- TASK TO CARRY OUT
Your answer must be an exact repeat of the lines from the one containing "Maximum likelihood tree" through the last line of the records, both included, with no pictures.

(Short web captions)
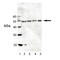 Interferon Induced With Helicase C Domain 1 antibody, LS-C343749, Lifespan Biosciences, Western Blot image 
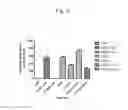 Fig. 06 - Host regulatory factor that enhances replication and/or propagation of vaccinia virus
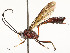  ( - CBG-A58556-D05)  @11 [ ] CreativeCommons - Attribution Share - Alike (2024) CBG Photography Group Centre for Biodiversity Genomics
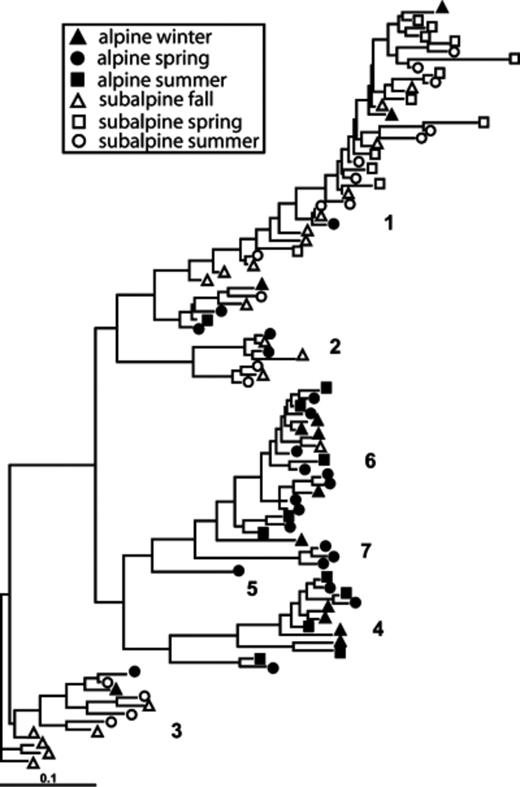 Maximum likelihood tree of Acidobacteria from alpine and subalpine clone libraries. Numbered subgroups follow Ludwig et al. (1997).
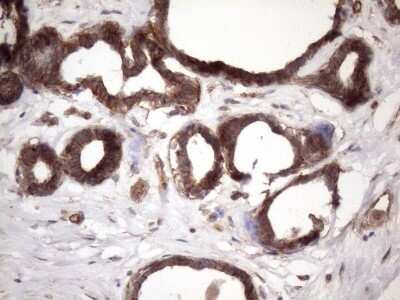 Immunohistochemistry: ATP6V1C2 Antibody (OTI8H4) - Azide and BSA Free [NBP2-72465] - Analysis of Human breast tissue. (Heat-induced epitope retrieval by 1mM EDTA in 10mM Tris buffer (pH8.5) at 120C for 3 min)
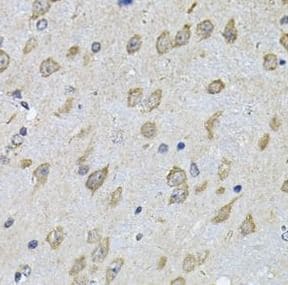 NFU1 iron-sulfur cluster scaffold homolog Antibody - BSA Free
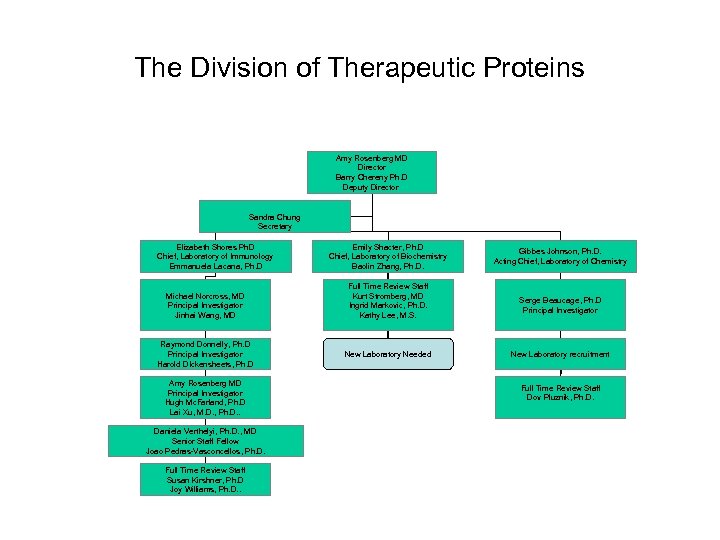The Division of Therapeutic Proteins Amy Rosenberg MD Director Barry Chereny Ph. D Deputy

- SOLUTION FOR THIS TASK
 Maximum likelihood tree of Acidobacteria from alpine and subalpine clone libraries. Numbered subgroups follow Ludwig et al. (1997).
 Immunohistochemistry: ATP6V1C2 Antibody (OTI8H4) - Azide and BSA Free [NBP2-72465] - Analysis of Human breast tissue. (Heat-induced epitope retrieval by 1mM EDTA in 10mM Tris buffer (pH8.5) at 120C for 3 min)
 NFU1 iron-sulfur cluster scaffold homolog Antibody - BSA Free
The Division of Therapeutic Proteins Amy Rosenberg MD Director Barry Chereny Ph. D Deputy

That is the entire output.